# To the Clubs: How long are your Rhinehart inserts lasting?



## Bigjono (Apr 21, 2009)

I think it is the KE and FPS of the bows now.


----------



## joshwebb (Feb 23, 2011)

It's all because of these guys shooting Olympic bows and calling them trad!! Lol sorry Jon! 

Halton just got a pile of new Rineharts because the MacKenzies are blown out after 2 years!!

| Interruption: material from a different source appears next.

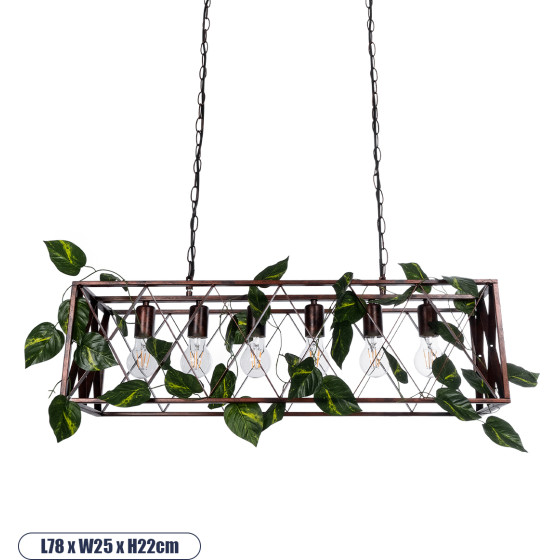 GloboStar Clarity Vintage �������� ��������� ������ �� ����� 6 x E27 Ac 220-240V IP20 - ������� ��� �������� & ������� - �78 x �25 x �22cm - (00963)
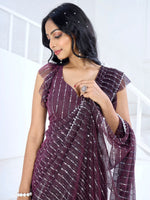 Thumbnail for NOZ2TOZ Women's Lycra Magenta Embellished Ready to Wear With Blouse Piece - Distacart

I have suggested that maybe the cost per archer needs to increase! Let face it, the new bows cause more wear on the targets! No one wants to pay more, but it's only a matter of time before the targets cost more than the archers are paying to shoot at them! 

Just my 2 pennies!


----------



## Bigjono (Apr 21, 2009)

I agree Josh, targets are more money (we have spent $12,000 in the last 8 months), archers are getting more accurate and bows faster. Even good recurves are shooting 200 to 220fps now. Perhaps it's time for an increase to $20, still good value for money. I will still charge double for any members of the trad police though


----------



## GWN_Nuge (Oct 1, 2004)

Bigjono said:


> I agree Josh, targets are more money (we have spent $12,000 in the last 8 months), archers are getting more accurate and bows faster. Even good recurves are shooting 200 to 220fps now. Perhaps it's time for an increase to $20, still good value for money. I will still charge double for any members of the trad police though


I hear ya, the price of shooting in at least our area hasn't changed for at least the last decade, a moderate increase wouldn't be a bad idea at all because let's face the cost of maintaning a 3D course isn't cheap by any stretch of the imagination. I think a lot of people don't realize just how expensive the majority of targets are.


----------



## cody12 (Dec 7, 2004)

When they first came out they were the targets to get , easy arrow pull would last seemed forever but with anything else the company is making them cheaper for cost all round and on the 335 fps I don't know to may archers getting that kind of speed unless crossbows are used just my opinion......


----------



## Bigjono (Apr 21, 2009)

Catch 22 is, if you increase the price unilaterally, you will lose shooters at your next shoot, it needs to be agreed by all the clubs in your area I think.
Oxford did it last year and it nearly caused a riot but if all clubs said as if Jan 1st 2014 fees will be $20 I think it would work.


----------



## TRDJer (May 14, 2012)

Even Peel as just a target club, we are having a large problem with finding target material that lasts. Anything we have tried so far only lasts a few weeks/months. With the shooters we have who are high volume the yellow rings in the targets don't last long at any distance.


----------



## CLASSICHUNTER (May 20, 2005)

tournaments are 20 dollars for a one day shoot around here already have been for 2 years or more....no one complains as long as targets in good shape and good food and prizes as well.. paid 20 bucks a while ago and won a drink coaster and a bottle of water that's a no no guys


----------



## wanemann (Oct 7, 2010)

when I started shooting a few years back I was told that the back scoring section was for compounds, but l honestly, I have never seen anyone shoot at it compound or not.
that would double the life ?. maybe an option is to encourage us some how to shoot the back also before looking at price increases. also do they give discounts on quantity or certain amount of $ order if so close by each other club could order collectively. shooting back vital may some how mess with your hunting game, not sure I do not hunt so forgive me if the idea is not so smrt.

wayne


----------



## wanemann (Oct 7, 2010)

Posts:47 It's all because of these guys shooting Olympic bows and calling them trad!! Lol sorry Jon!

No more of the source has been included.